For women, especially after bromide replaced iodine in preparing dough for bread, late 70s or early 80s, the need for iodine will not be met sufficiently during puberty, as both breasts and the brain require iodine for development, in large quantities, and with feminising endocrine disruptors in greater quantities in the environment, breast sizes have risen on average (cup size inflation). Note deviation from previous generations’ size should matter for same genes, not deviation from population mean, so if daughter is bigger than mother, e.g., then lower IQ expected, but not because daughter is bigger than agemate, as the environmental mean is shared (but does not enter Falconer equations’ correlations, being subtracted)…
With US blacks, lead poisoning is still an issue, albeit much smaller than during the 90s. Look at the NHANES III data—the histogram of blood lead is nearly inverse, which suggests sporadic poisoning (lead paint, with dBLL/dt=R-BLL (ln 2)/\tau_{1/2} where R is the rate of intake (function of time, zero most of the time under sporadic poisoning). Also, sub-Saharan Africa largely avoided the Bronze Age, going straight to iron work—the Bantu used a bit of copper but not much evolutionary pressure to develop resistance to lead uptake. If you read e.g. Unz review, I did previously argue that blacks in US are more likely to live in lead painted housing, based on BLL, but US data show whites as likely to live in such housing—blacks take up more lead for same environment.
Posted by: Johan Meyer | Aug 8 2017 21:05 utc | 33
Merasmus | Aug 8, 2017 8:42:28 PM | 50
« humans are (ostensibly) a higher lifeform that isn’t driven entirely by instinct. So appealing to how things work in the wider natural world is something of a non-starter. »
You are right.

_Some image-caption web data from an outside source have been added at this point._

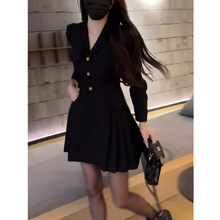 法式轻奢高级感收腰性感连衣裙女2025春秋新款V领显瘦修身A字裙子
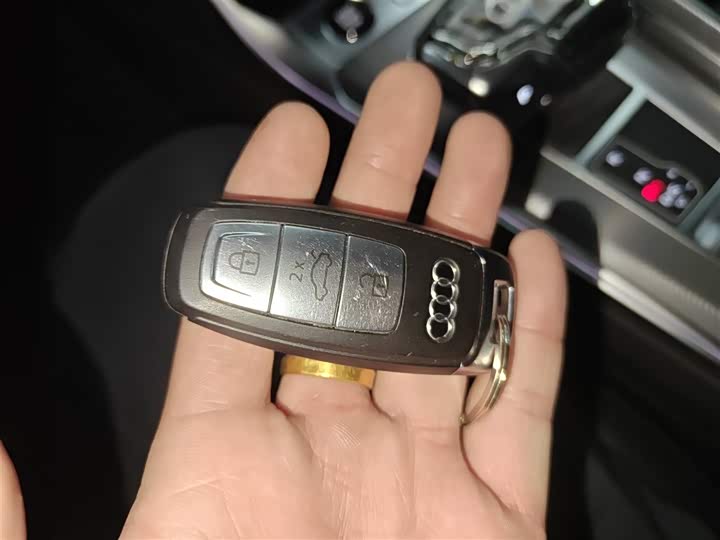 Фото 9 - Audi A6L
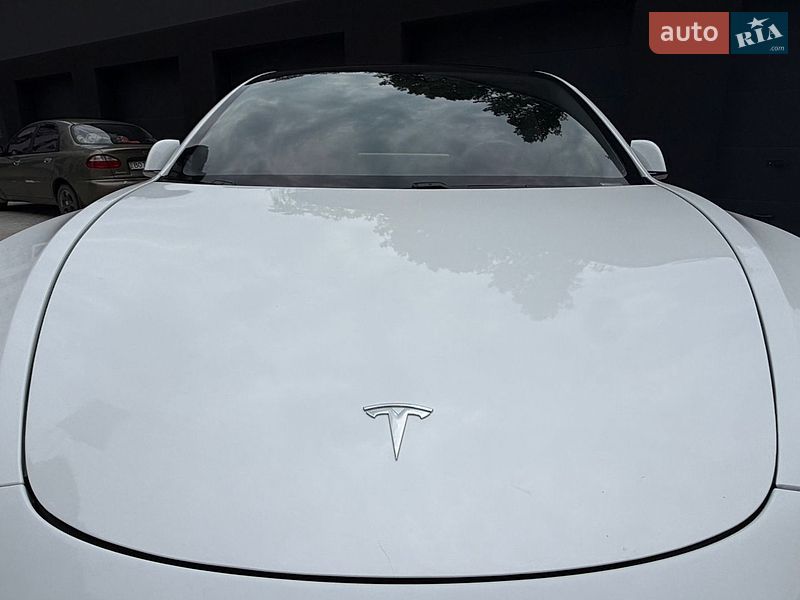 Седан Tesla Model 3 2018 в Тернополі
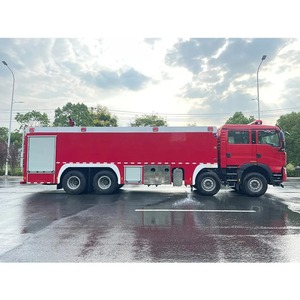 Camión de Bomberos HOWO 8X4 de 25 Toneladas con Tanque de Espuma de 4000L para Parques Industriales, Plantas Químicas y Emergencias Municipales - Product Image 3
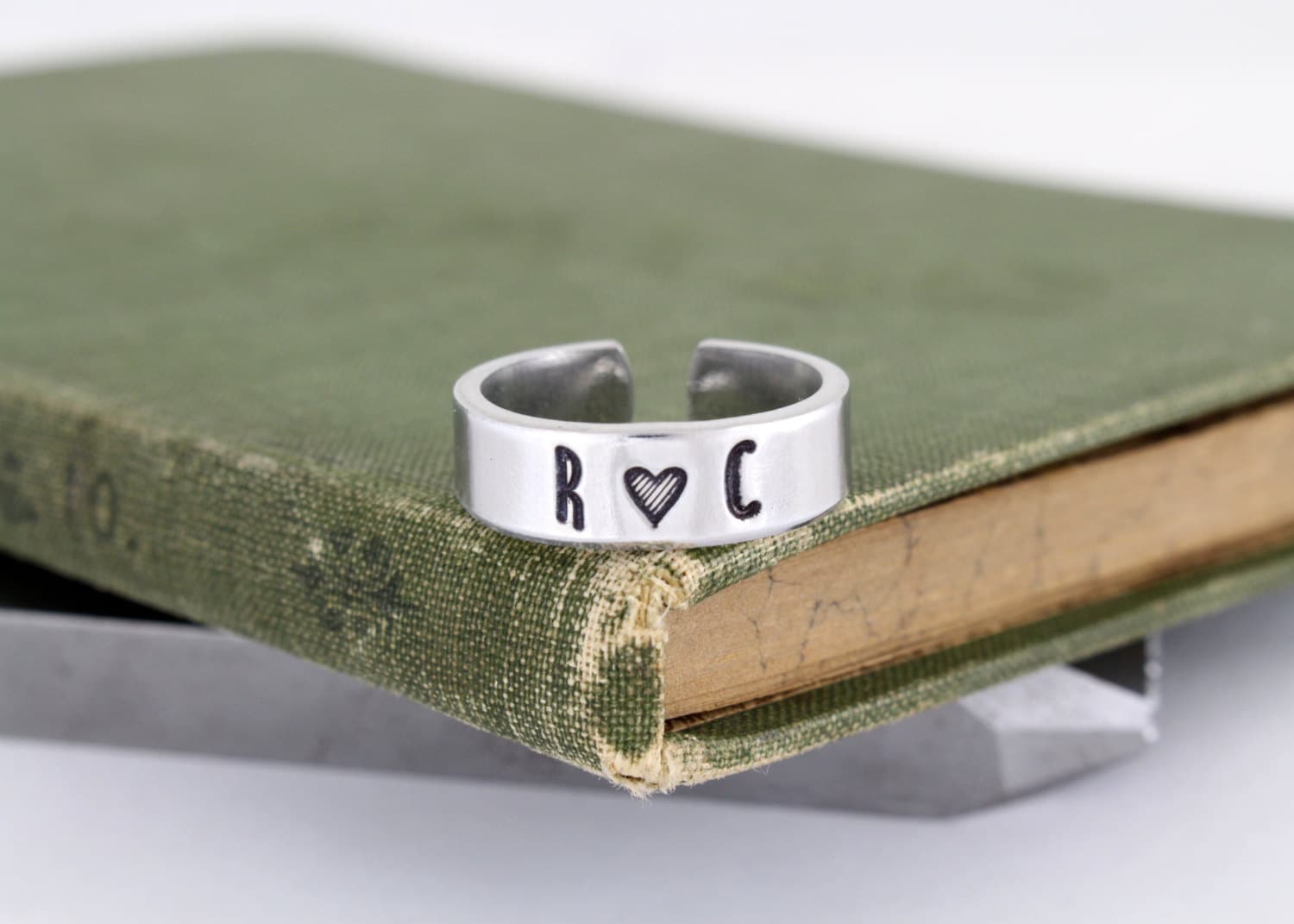 パーソナライズされたラップリング カスタムイニシャルリング 刻印入りリング ダブルリング スタッカブルリング - RWR 並行輸入 イニシャル T - オーバーラップリング ⁄ イニシャル N リング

Humans are above base animal instincts like eating, sleeping and reproducing. As “higher lifeforms”, we don’t do any of these things.
« For some *strange* reason people appealing to nature never have much to say about the Bonobo… »
I’d love to know what that’s got to do with anything, but anyway, last time I looked, female and male bonobos showed different behavioural patterns. For instance, the males don’t look after the babies. The mothers do. They even have a particularly strong mother-son relationship (while who knows who the father is), so maybe you shouldn’t have brought up the subject at all.
« I have literally never met a feminist who claimed sexual dimorphism didn’t exist in humans. What I seen is a whole lot of people who absolutely refuse to differentiate between sex and gender, however. »
I was very clearly pointing to behaviour, not dimorphism. How you achieved reading what I most specifically didn’t refer to baffles me.
« Instead, they do what Anti-Soros above does, and relegate women to breeding and housekeeping »
You are reading minds, like many liberals. That’s to to say, you put words to beliefs YOU hold about conservatives, instead of answering what they say (not what you imagine, figure or fantasize they are saying, but what they have actually written). At least in the West, nobody is relegating women to anything they don’t want, apart from men like you. By your very immature male ideas about what a woman should be like, one can see you are not a woman (in a nutshell, you think women should be men). Please don’t try to mansplain to us what we should believe or do. For instance, 90% of all hospital nurses and 100% of pediatric nurses are women. This is not a matter of « discriminatory hiring procedures » that would bar men from nursing jobs or redirect them to driving ambulances (a nearly 100% male job), it is a matter of being naturally more drawn to some jobs and not to others.
Aaaand this is called “reality”. Thank you for reading and have a good day.
And thank you to the kind people out there who approved of my previous comment. Cheers to you!